(Stored data begins)

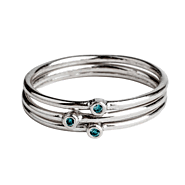 Buy Handcrafted Blue & Black Diamond Sterling Silver Rings – Melanie Golden Jewelry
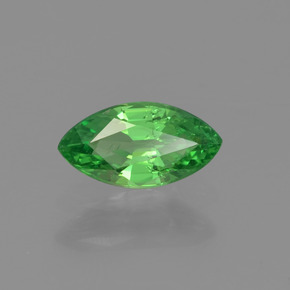 Granato tsavorite naturale verde da 0,43 ct, marchesa, VS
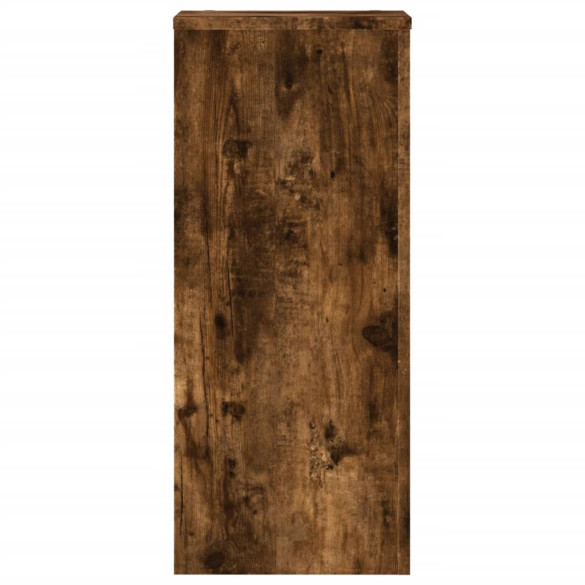 Suporturi Plante Lemn Stejar Fumuriu - 2 buc., 70 cm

(Stored data ends)

### Task statement
Everything in the material except the pictures should be restated word for word.

### Exercise response
 Buy Handcrafted Blue & Black Diamond Sterling Silver Rings – Melanie Golden Jewelry
 Granato tsavorite naturale verde da 0,43 ct, marchesa, VS
 Suporturi Plante Lemn Stejar Fumuriu - 2 buc., 70 cm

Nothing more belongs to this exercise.